The median and the interquartile range are displayed in box and whiskers plots like Figure 11.11. The height of the box is the interquartile range, and the horizontal line is the median. The top “whisker” extends no higher than 1.5 × IQR above the 75th percentile. The bottom “whisker” extends no lower than 1.5 × IQR below the 25th percentile. Any data points outside the whiskers can be considered outliers.
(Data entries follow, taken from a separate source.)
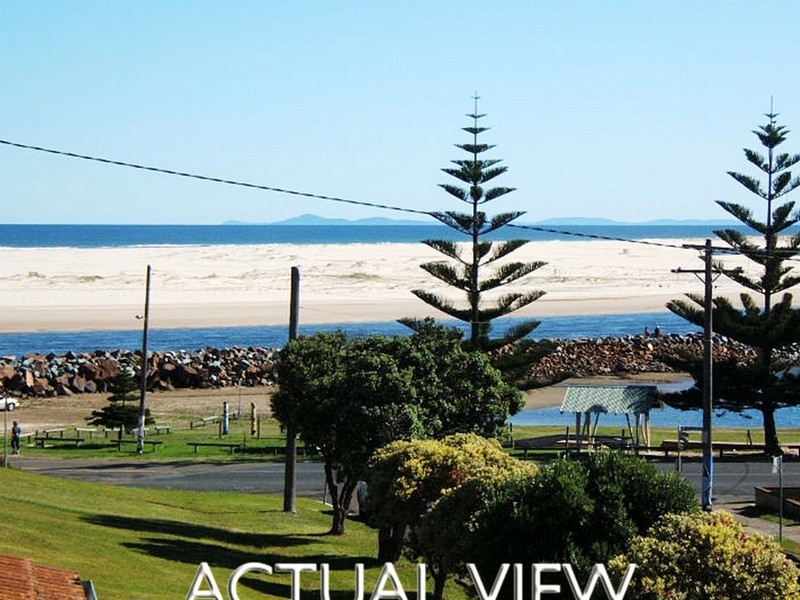 26 High Street, Harrington NSW 2427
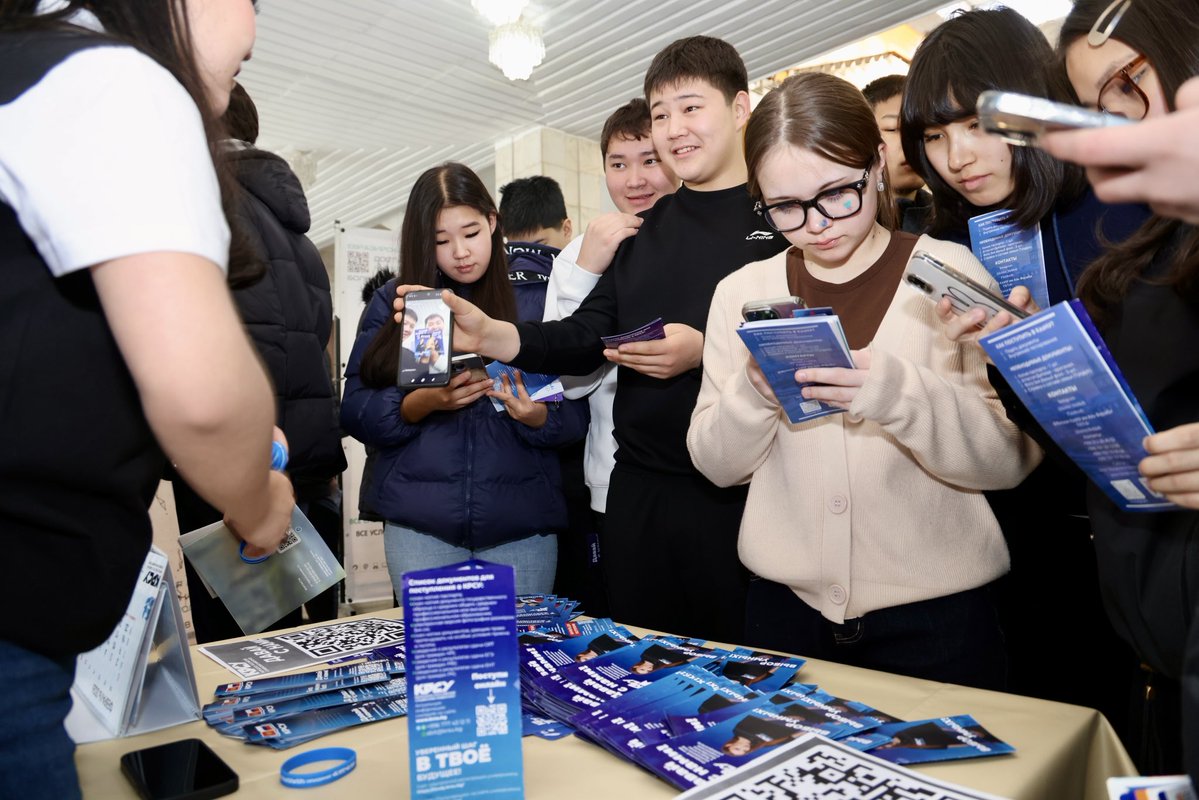 Посольство РФ в КР tweet media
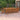 13-delige Tuinset 280x90x75 cm massief acaciahout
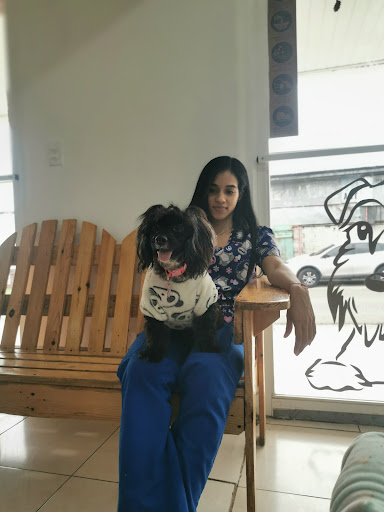 Clínica Veterinaria Maure's Vet | La Chorrera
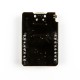 M&oacute;dulo ESP32-CAM-MB Micro USB para placa ESP32-CAM - Thumb - 3
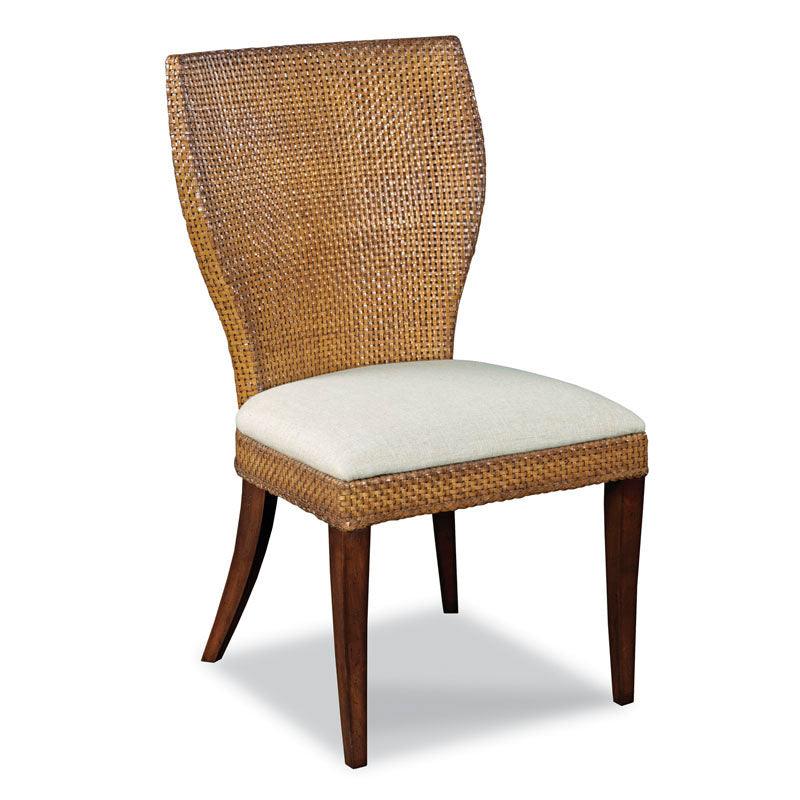 Kate Dining Chair - Frankwebs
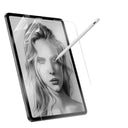 Paper Like Screen Protector for iPad Pro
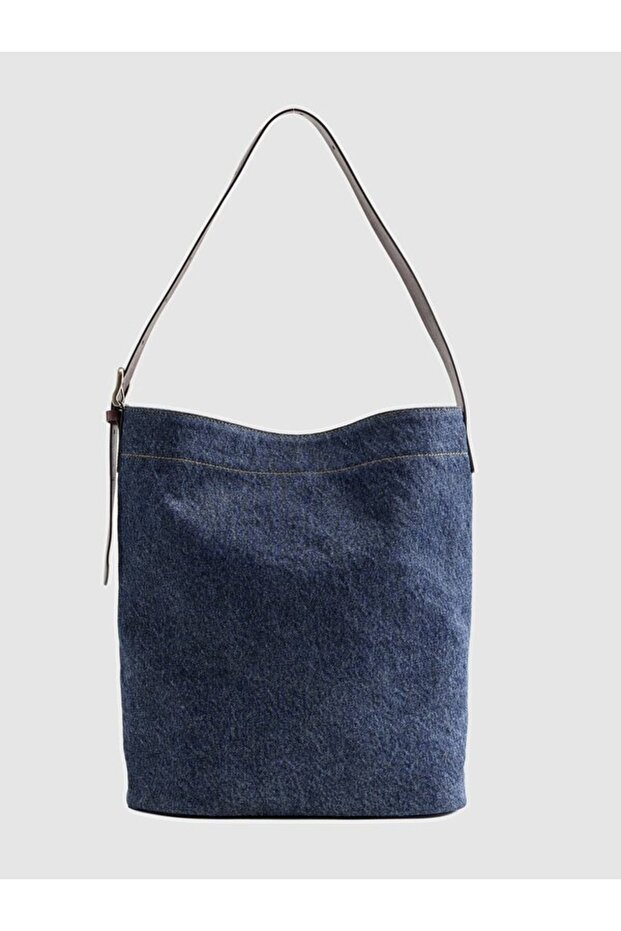 Heritage Medium Çanta - 2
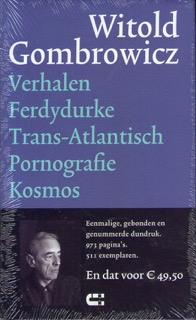 webplaatje581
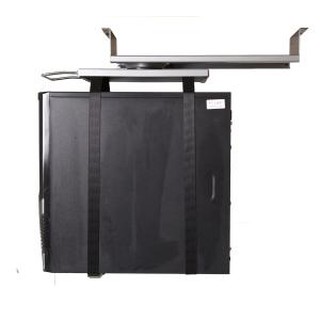 Giá Đỡ CPU THINKWISE CH102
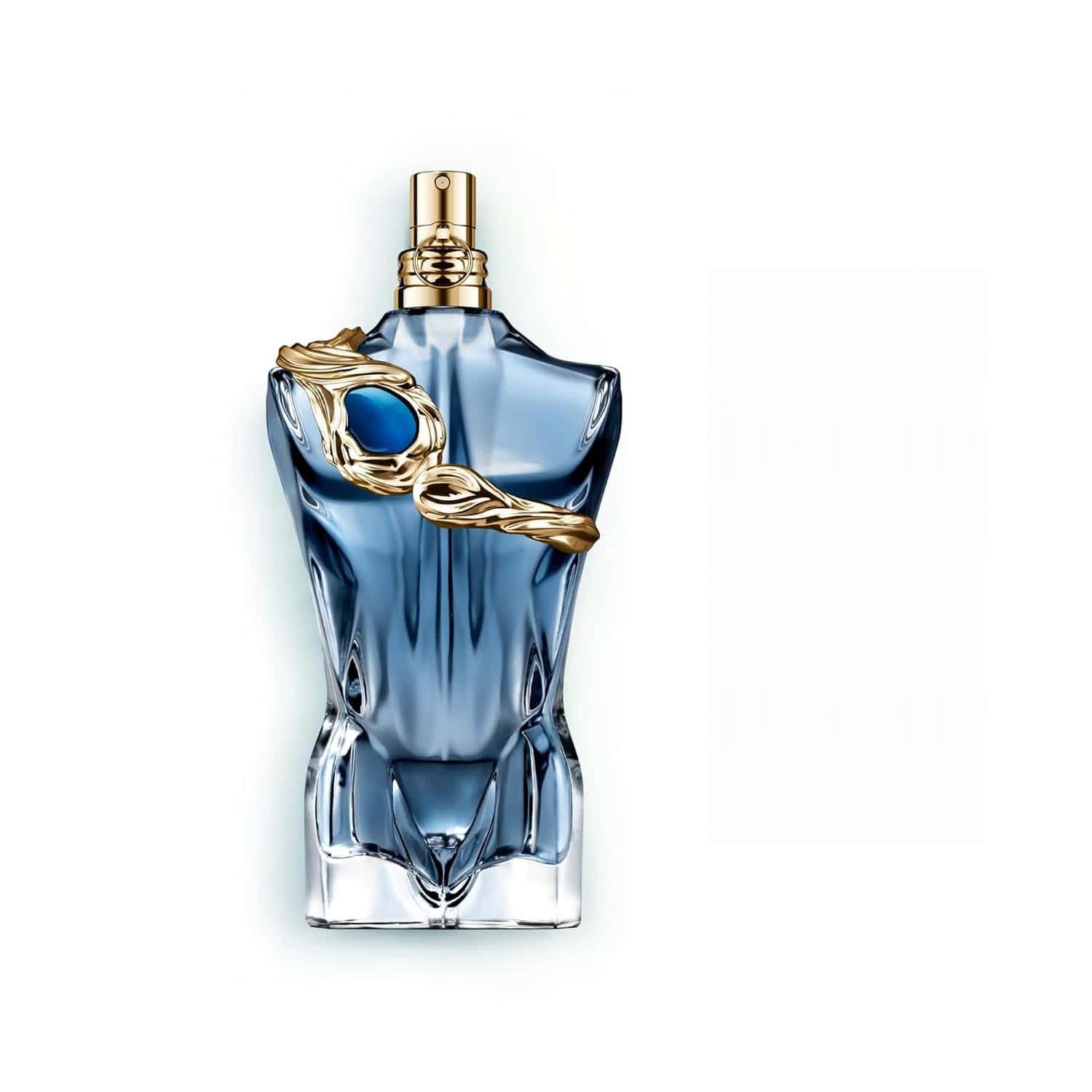장 폴 고티에 르 보 나르시세 코코넛 밀크 우디 향 중 - Perfume Fragrance Jean Paul Gaultier Le Male 리뷰 및 가격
Figure 11.11: A Tukey-style Box and Whiskers Plot with Medians and Interquartile Ranges.

R Code for Figure 11.11

set.seed(2)
d <-
  tibble(
    A = rnorm(100, 50, 10),
    C = 1.5 * rchisq(100, 4) + 50,
    B = rbeta(100, 4.5, .5) * 80
  ) %>%
  pivot_longer(cols = everything(),
               names_to = "grp",
               values_to = "x") %>%
  mutate(grp = factor(grp)) %>%
  group_by(grp) %>%
  mutate(
    md = median(x),
    IQR = IQR(x),
    q25 = quantile(x, .25),
    q75 = quantile(x, .75)
  ) %>%
  ungroup() %>%
  mutate(outlier = ifelse(x > md,
                          x - q75 > IQR * 1.5,
                          q25 - x >  IQR * 1.5))

d_stats <- d %>%
  group_by(grp) %>%
  summarise(md = median(x),
            q25 = quantile(x, .25),
            q75 = quantile(x, 0.75)) %>%
  pivot_longer(cols = -grp,
               names_to = "stats",
               values_to = "x") %>%
  mutate(
    st = case_when(
      stats == "md" ~ " (Median)",
      stats == "q25" ~ " (1<sup>st</sup> Quartile)",
      stats == "q75" ~ " (3<sup>rd</sup> Quartile)"
    )
  )

width = .3

d %>%
  ggplot(aes(grp, x)) +
  geom_boxplot(aes(fill = grp), 
               outlier.color = NA, 
               width = width * 2) +
  geom_richtext(
    data = d_stats,
    aes(label = paste0(
      scales::number(x, .1), 
      ifelse(grp == "A", st, "")
    )),
    nudge_x = width + .01,
    label.color = NA,
    hjust = 0,
    color = "gray20"
  ) +
  geom_arrow_segment(
    data = select(d, grp, q25, q75) %>% 
      unique(),
    aes(
      yend = q75,
      y = q25,
      x = as.numeric(grp) - width - 0.05,
      xend = as.numeric(grp) - width - 0.05
    ),
    arrow_head = my_arrowhead,
    arrow_fins = my_arrowhead,
  ) +
  geom_richtext(
    data = select(d, grp, q25, q75, IQR) %>% 
      unique(),
    aes(
      x = as.numeric(grp) - width - 0.05,
      y = (q25 + q75) / 2,
      label = paste0(ifelse(grp == "A", "*IQR* = ", ""), scales::number(IQR, .1))
    ),
    angle = 90,
    vjust = -0.2,
    label.color = NA,
    label.padding = margin(t = 3)
  ) +
  ggbeeswarm::geom_quasirandom(pch = 16,
                               size = 1,
                               aes(color = outlier),
                               width = .3) +
  scale_x_discrete("Group") +
  scale_y_continuous(NULL) +
  scale_fill_manual(values = myfills %>% 
                      scales::alpha(.5)) +
  scale_color_manual(values = c("gray20", "firebrick")) +
  theme(legend.position = "none")

11.4.3 Variance

A deviation is computed by subtracting a score from its mean:

A deviation is the distance of a score from the score’s mean.

$X-\mu$

We would like to know the typical size of the deviation $X-\mu$ . To do so, it might seem intuitively correct to take the average (i.e., expected value) of the deviation, but this quantity is always 0:

$\begin{aligned} \mathcal{E}(X-\mu)&=\mathcal{E}(X)-\mathcal{E}(\mu)\\ &=\mu-\mu\\ &=0 \end{aligned}$

Because the average deviation is always 0, it has no utility as a measure of variability. It would be reasonable to take the average absolute value of the deviations, but absolute values often cause algebraic difficulties later when we want to use them to derive other statistics. A more mathematically tractable solution is to make each deviation positive by squaring them.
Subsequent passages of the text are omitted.